In the case of Airbnb, the solution was an online platform where the host may list their property and traveller may book a space to stay with local citizens. If we try to find out the answer to the above question, that would be as under:

  • Is your solution unique?: Yes, it is. There was no such platform which connects local hosts with travellers.
  • Does it have some special value proposition? Yes, the solution is a win-win situation. The host is able to earn some extra income and at the same time, travellers are able to save money as compared to staying at hotels.
  • Is it sustainable in the long term to become a revenue-generating business?

Q4. Is anyone else doing it? How are customers currently solving for their problems?

Before starting a business, your competitors are the ones who already found their problem, customers, and solution. Your competitors have found a path to their destination.

List all your direct and indirect competitors and assess how you perform against them in every aspect of the solution: cost, performance, speed, etc. It should be a fair match overall, but you must significantly outweigh them in at least one aspect.

Q5. Can you do it differently from them?

Answer to this question gives a clear view of how your startup will create and deliver business value to the users.

Each operation, process, or activity is aimed at delivering value to a person who performs it. The main idea of any product is to multiply the value for end-users as much as possible. Understanding key value propositions are instrumental for building any product, since a mismatch between key values and final solutions may lead to failure.

In the case of Airbnb, there were various existing players in the market like Craigslist,, and etc. Founders of Airbnb found that existing players were either too much costlier or there was no streamlined process for online booking and payment. Travellers are either connecting couch-surfing community or Book rooms in hotels which provide discounts whereas hosts either rent out their properties or Take in couch-surfers.

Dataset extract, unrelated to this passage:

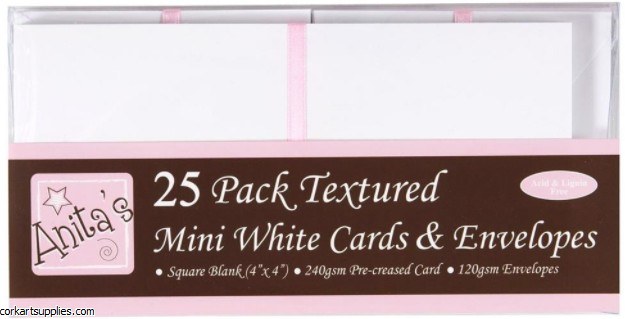 Card/Env 25pk 4x4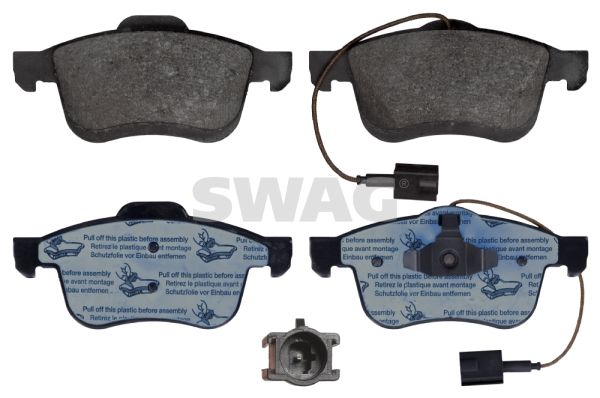 Brake Pad Set, disc brake SWAG 72 11 6104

The value proposition of Airbnb would be as under: –

for guests:

  • An authentic local experience and household amenities
  • The choice among a variety of unique properties
  • Lower prices than hotels
  • Stay in places where there are no available hotels
  • Ease of use − book in three clicks
  • Transparent property ratings

for hosts:

  • Get money from renting out living spaces
  • The simple and quick listing process
  • Easy to get payments for rentals
  • Easy to find verified guests through profile ratings
  • Meet new people


Q6. Would your customers pay for your solution to a particular problem?

Businesses operate to make money, so defining a revenue structure is a vital part of startup idea evaluation. It helps you devise a relevant pricing model and prioritize investments.

When you are providing a unique value to the targeted customer, the customer will pay for your products.

In the case of Airbnb, they charge convenience fee from the travellers and commission cut from the host in exchange of value provided to them.

Q7. How big is the market? How many customers would potentially pay for your solution?

Let’s discuss it in detail in the next chapter.


Based on the above assessment, you may have to finetune your solution so that it’s the very base of the ‘pain point’ of that it is setting out to solve and must avoid disruption of scope and cash burn. A fair amount of desk research, experiments and field research to fine-tune and build a proof of concept for market validation.